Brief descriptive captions
►

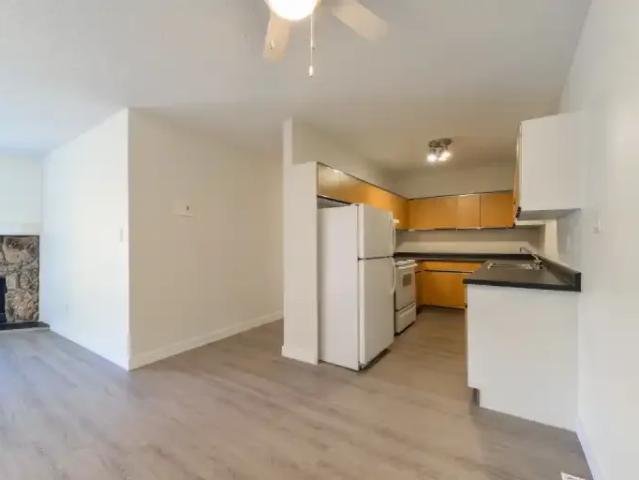 For Rent 2 Bedroom Apartment Edmonton AB DS102845153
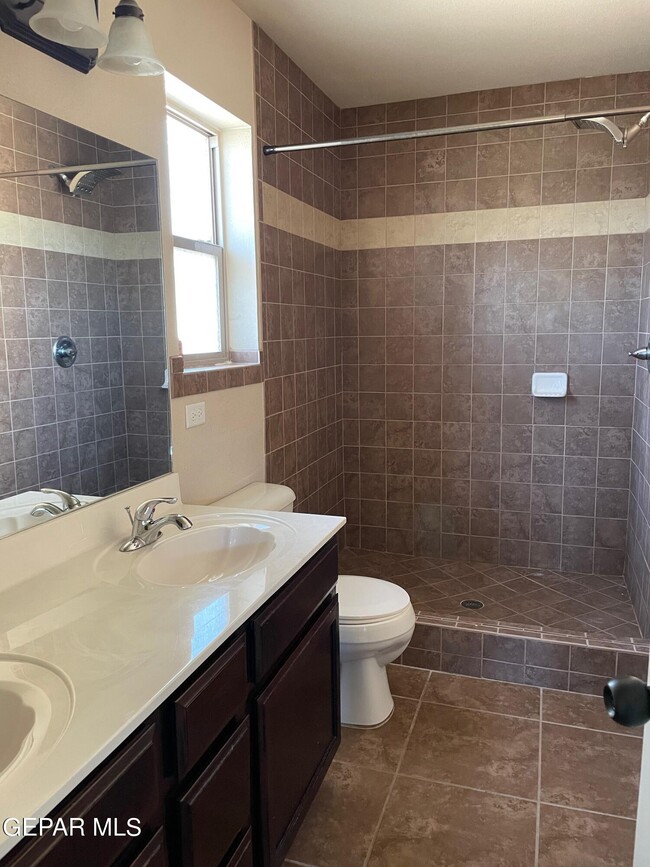 Building Photo - 3233 Muddy Point Ln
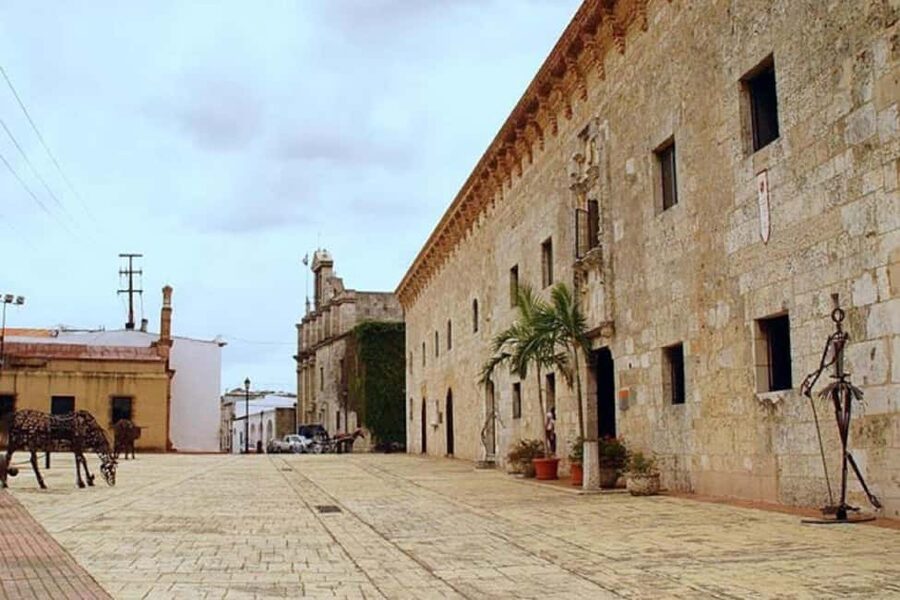 Discover Santo Domingo: Colonial History, Monuments & Lunch - Three Eyes National Park caves: the stop that usually steals the show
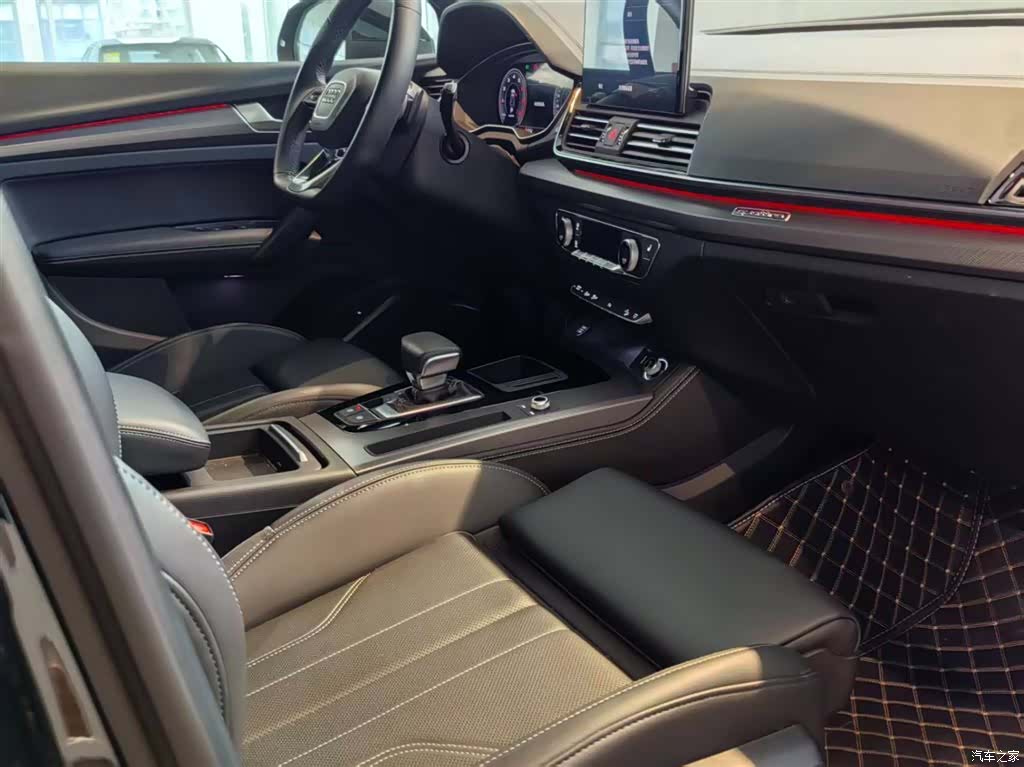 Audi Q5L, 2025 8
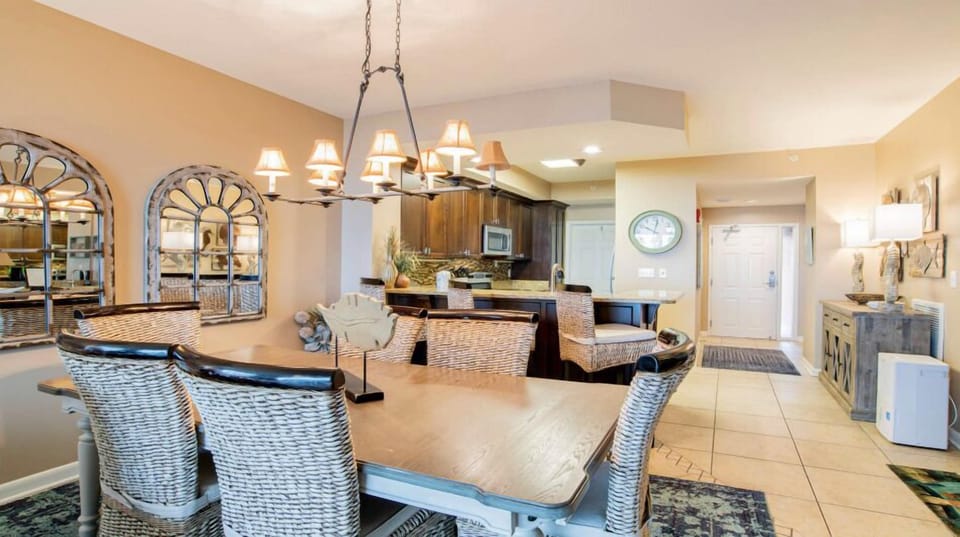 Condo, Multiple Beds (Seachase 103E) | Dining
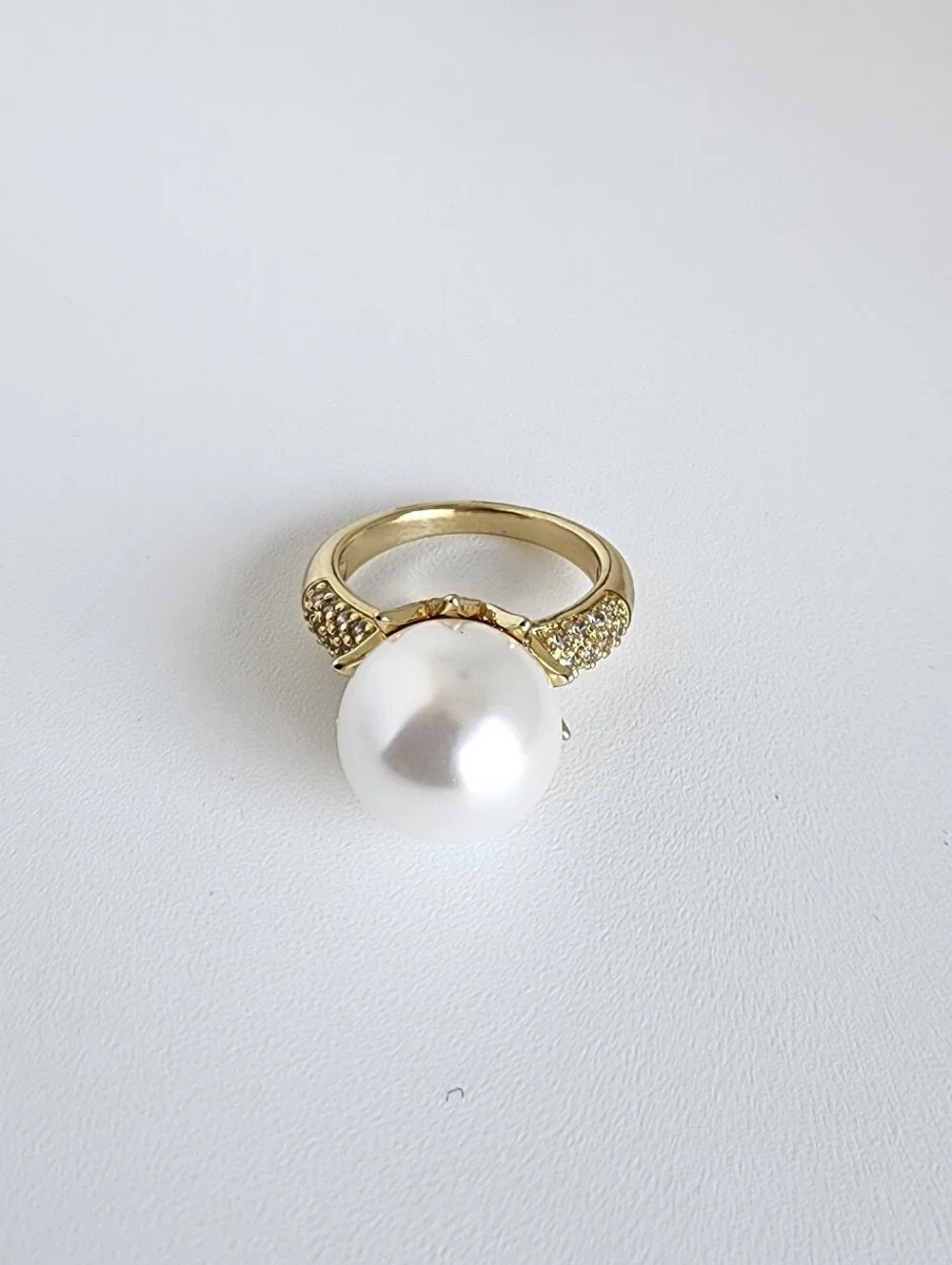 Gold Tone Pearl Statement Ring CZ Crown Setting Size 7 1/2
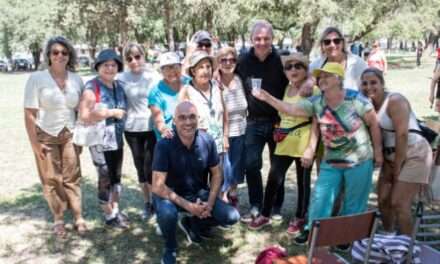 Río Cuarto: adultos mayores participaron de una jornada recreativa en la costa del río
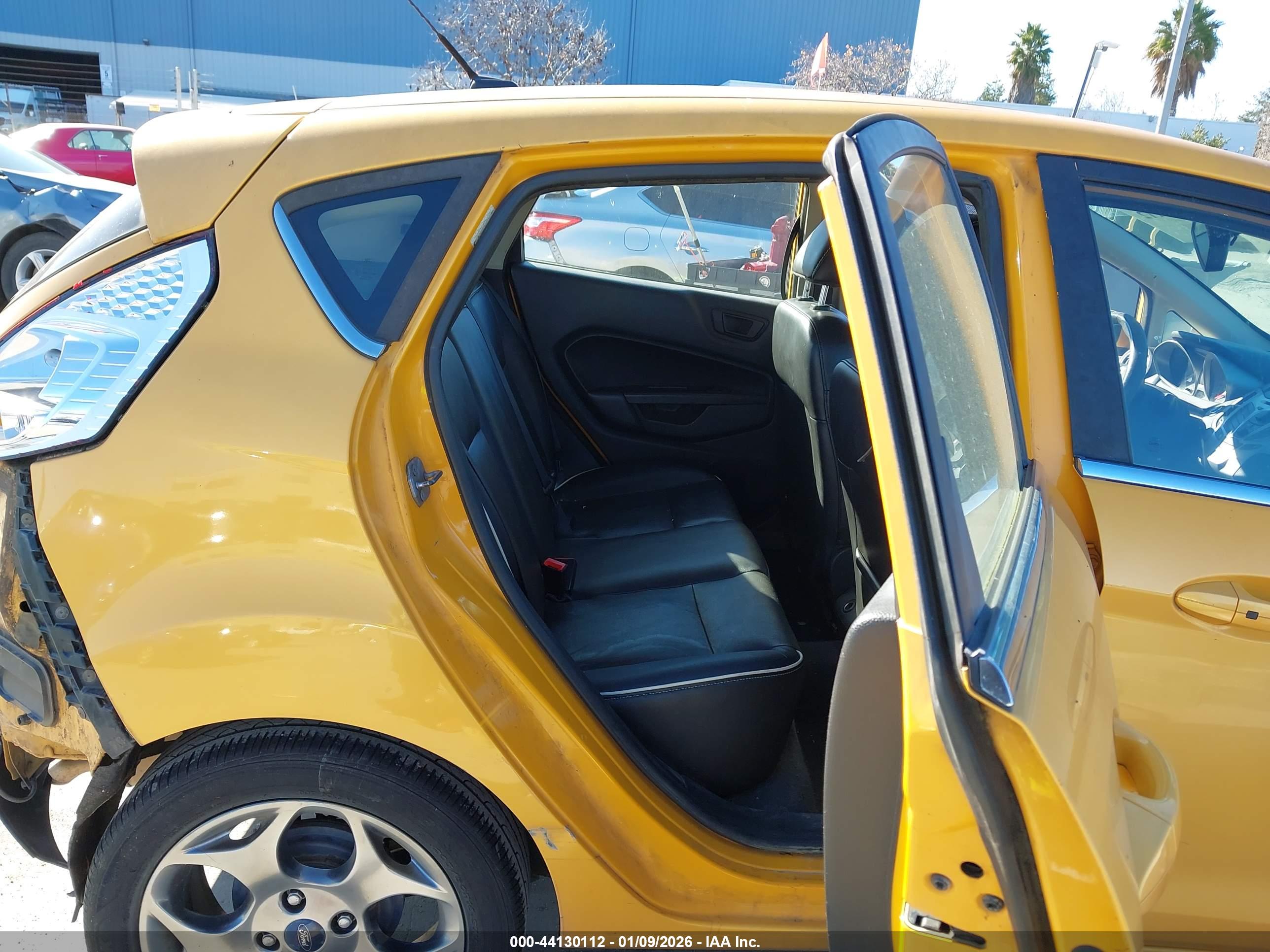 FORD FIESTA image 8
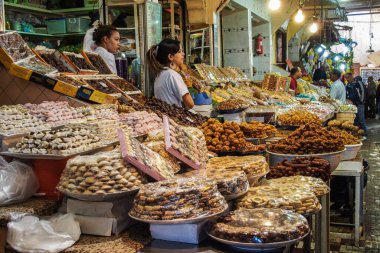 Meknes, Fas - 16 Ekim 2019: Meksika 'da geleneksel pazar, Afrika' da Fas.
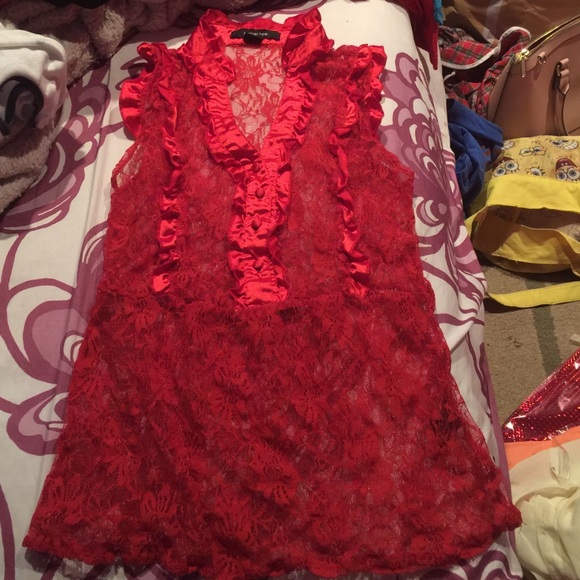 Red top - Picture 2 of 3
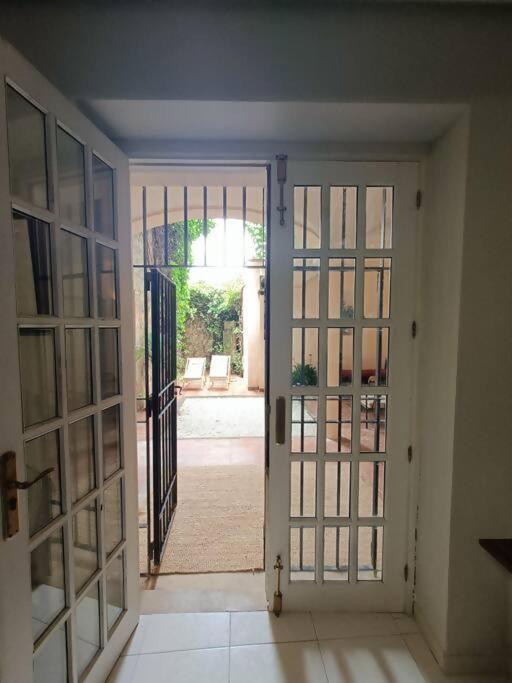 Ferienwohnung Casa Aguila Casco Antiguo Patio Privado Caces Exterior foto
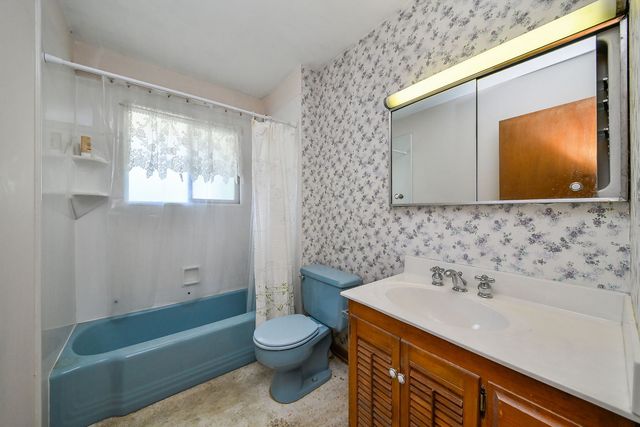 1251 Trillium Court, Batavia, IL 60510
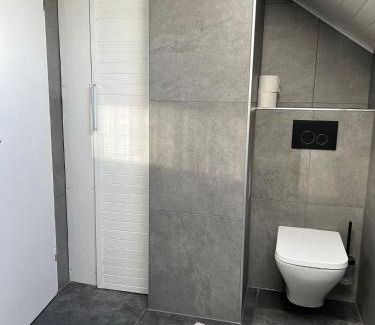 Leimersheim Apartamento | Gemütliche Monteur Ferienwohnung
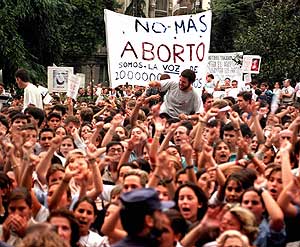 Manifestación en contra del aborto en Madrid en septiembre de 1998. (Foto: EFE)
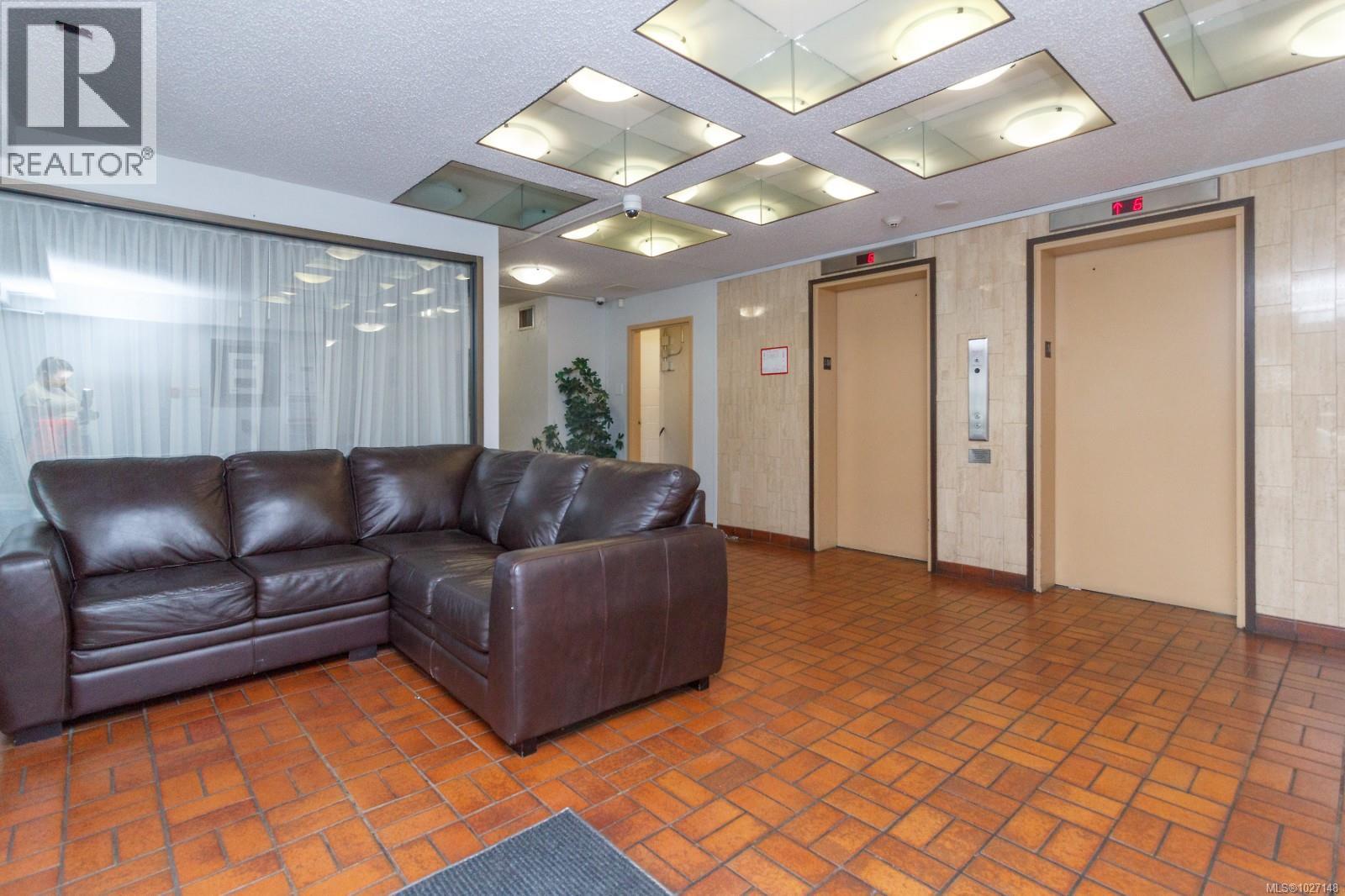 809 1630 Quadra Street, Victoria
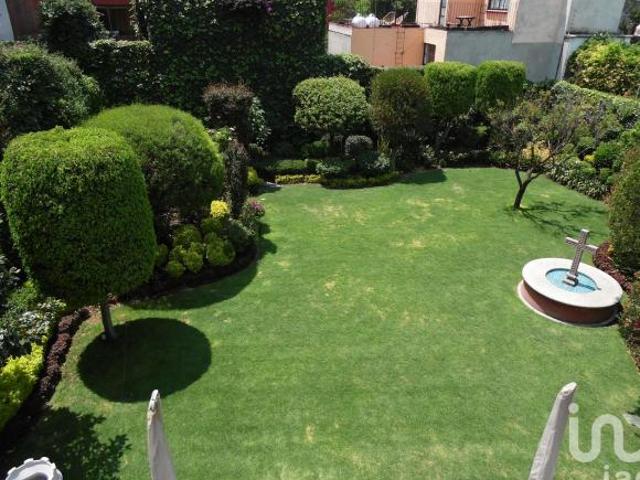 Casa en venta en Barrio Santa Catarina, Coyoacán, con 884 m2 de terreno y gran jardín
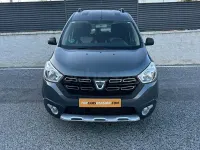 Usado Dacia Dokker Stepway 90 CV (66 kW) 2018 Gris / plata Monovolumen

◄

Prompt
All that should appear in the answer is the lines above from the line with "Condo, Multiple Beds" through the line with "Leimersheim Apartamento |", retyped exactly, pictures left out.

Exercise output
 Condo, Multiple Beds (Seachase 103E) | Dining
 Gold Tone Pearl Statement Ring CZ Crown Setting Size 7 1/2
 Río Cuarto: adultos mayores participaron de una jornada recreativa en la costa del río
 FORD FIESTA image 8
 Meknes, Fas - 16 Ekim 2019: Meksika 'da geleneksel pazar, Afrika' da Fas.
 Red top - Picture 2 of 3
 Ferienwohnung Casa Aguila Casco Antiguo Patio Privado Caces Exterior foto
 1251 Trillium Court, Batavia, IL 60510
 Leimersheim Apartamento | Gemütliche Monteur Ferienwohnung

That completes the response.